The AI Act is risk-category-based. An AI system is classified as unacceptable risk, high risk, limited risk, or minimal risk based on its application domain. Your GDPR obligations, by contrast, apply to any processing of personal data regardless of the system performing it. A low-risk AI system that processes personal data still carries the full weight of GDPR.

The AI Act has supply chain implications that GDPR does not directly address in the same way. Providers of high-risk AI systems — the companies that build and sell them — have obligations that are distinct from those of deployers — the organisations that use them. If you are deploying a third-party AI system in a high-risk category, you have specific due diligence obligations toward your provider that go beyond the standard DPA you would need under GDPR.

The AI Act introduces technical documentation requirements — system architecture, training data descriptions, performance metrics, known limitations — that have no direct equivalent in GDPR. Your legal team alone cannot produce this documentation. It requires engineering input.

Building a unified compliance programme

The practical implication of the overlap is that you can avoid significant duplication of effort by designing your compliance programme to serve both regulations simultaneously. A few concrete examples:

A unified AI system inventory

You need an inventory of AI systems for both regulations. For GDPR, this inventory feeds into your RoPA (where systems process personal data). For the AI Act, it is the foundation of your risk classification exercise. Maintain one inventory, with fields that serve both purposes — rather than two separate registers that drift out of sync.

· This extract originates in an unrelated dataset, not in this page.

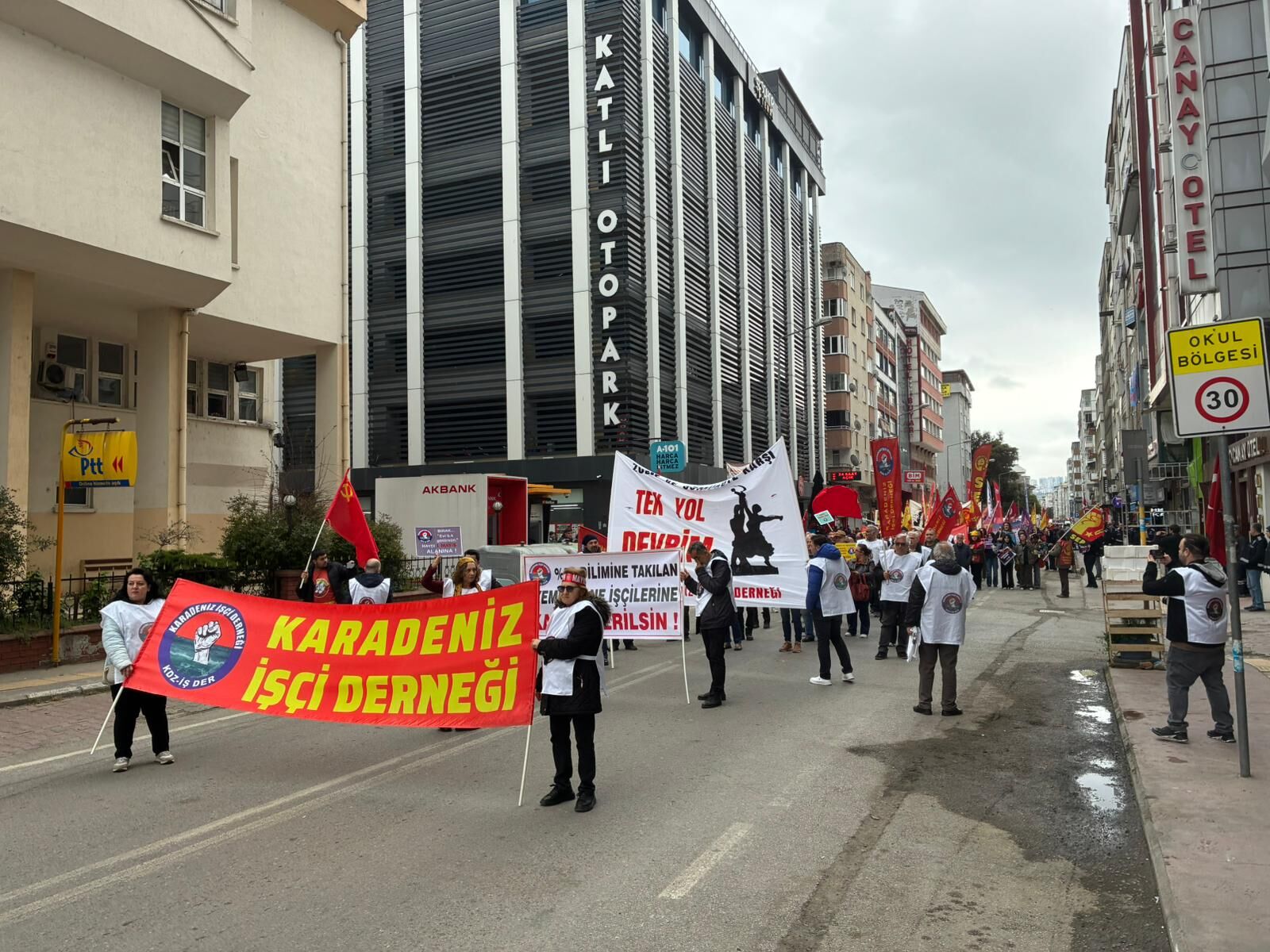 samsun haber: Samsun'da yağmur altında 1 Mayıs coşkusu! İşçiler taleplerini haykırdı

Integrated impact assessments

For AI systems that process personal data and fall into a high-risk AI Act category, a single integrated assessment document can satisfy the core analytical requirements of both the DPIA and the Conformity Assessment. The risk identification sections overlap substantially. The mitigation measures often address both sets of obligations. The documentation effort is significantly less than running two separate processes.

Aligned transparency notices

When individuals interact with an AI system that processes their personal data, you may need to satisfy GDPR transparency obligations (informing them about automated decision-making) and AI Act transparency obligations (informing them they are interacting with an AI system) simultaneously. Design your user-facing communications to address both — rather than producing separate notices that confuse users and create inconsistencies.

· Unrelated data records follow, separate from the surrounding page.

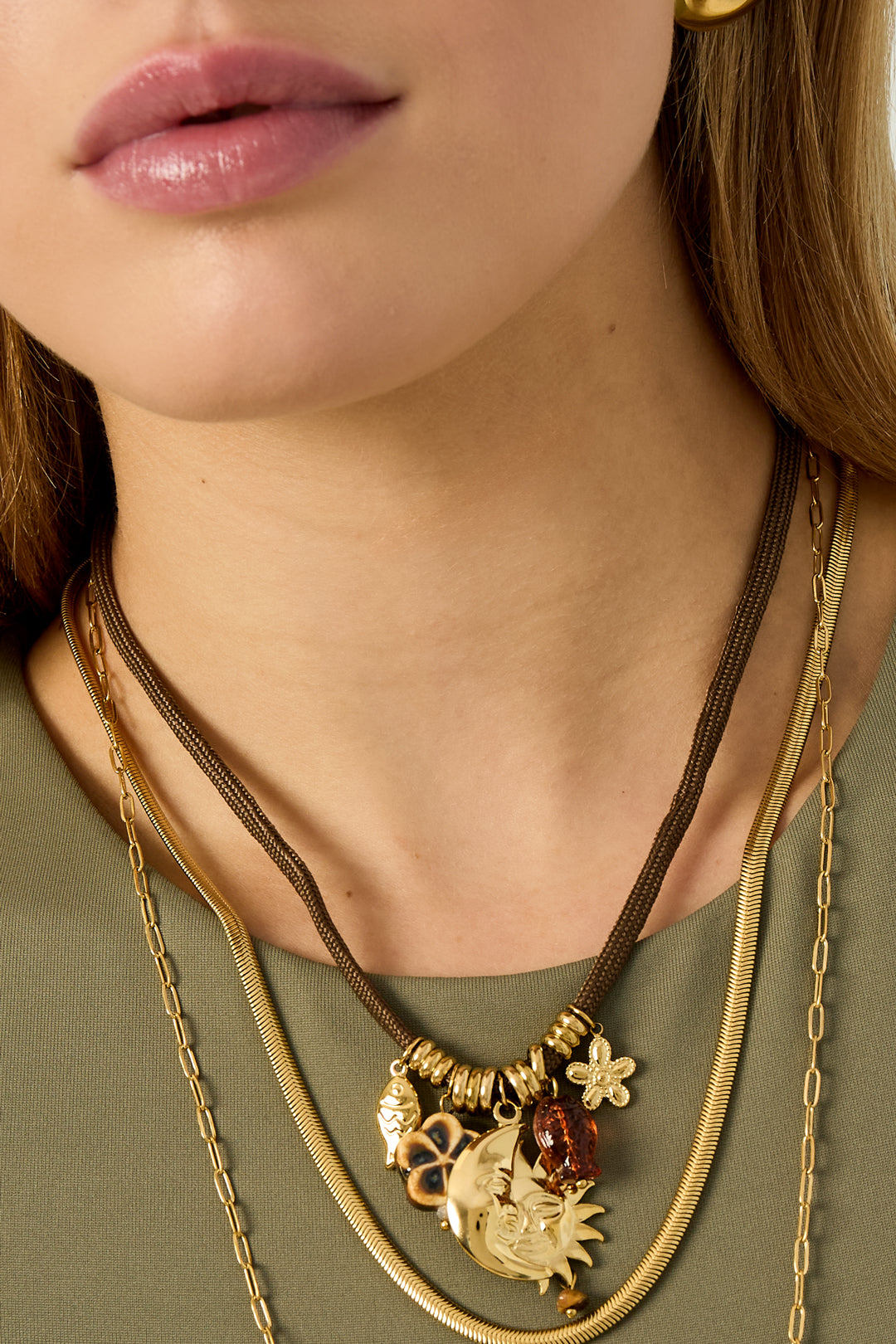 Korte koordketting met zon hanger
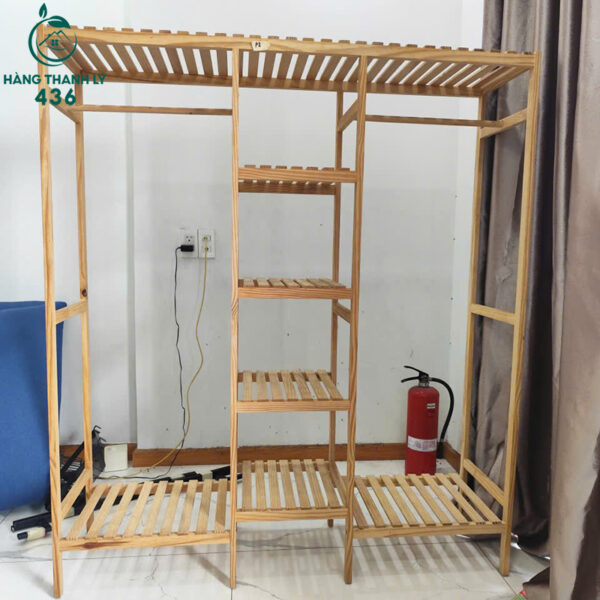 ke treo quan ao go cu thiet ke khong canh hien dai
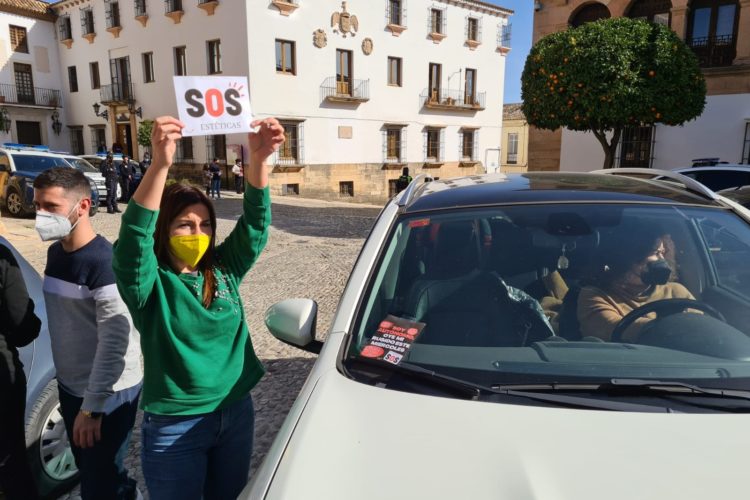 Un centenar de autónomos rondeños se manifiestan en sus coches para solicitar ayudas de todas las administraciones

Timeline considerations for 2026

The AI Act obligations that are most immediately pressing for most organisations are the prohibitions on unacceptable-risk AI practices (already in force), the obligations for general-purpose AI model providers, and the transparency requirements for limited-risk systems. High-risk system obligations for most sectors apply from August 2026. Now is the right time to complete your AI system inventory, classify your systems, and build the compliance infrastructure — before the deadlines arrive, not after.

The good news is that if your GDPR programme is reasonably mature, you have more of the foundation in place than you might think. Data inventories, impact assessment processes, vendor management frameworks, and governance structures are all transferable. The AI Act adds new dimensions to these capabilities — it does not replace them.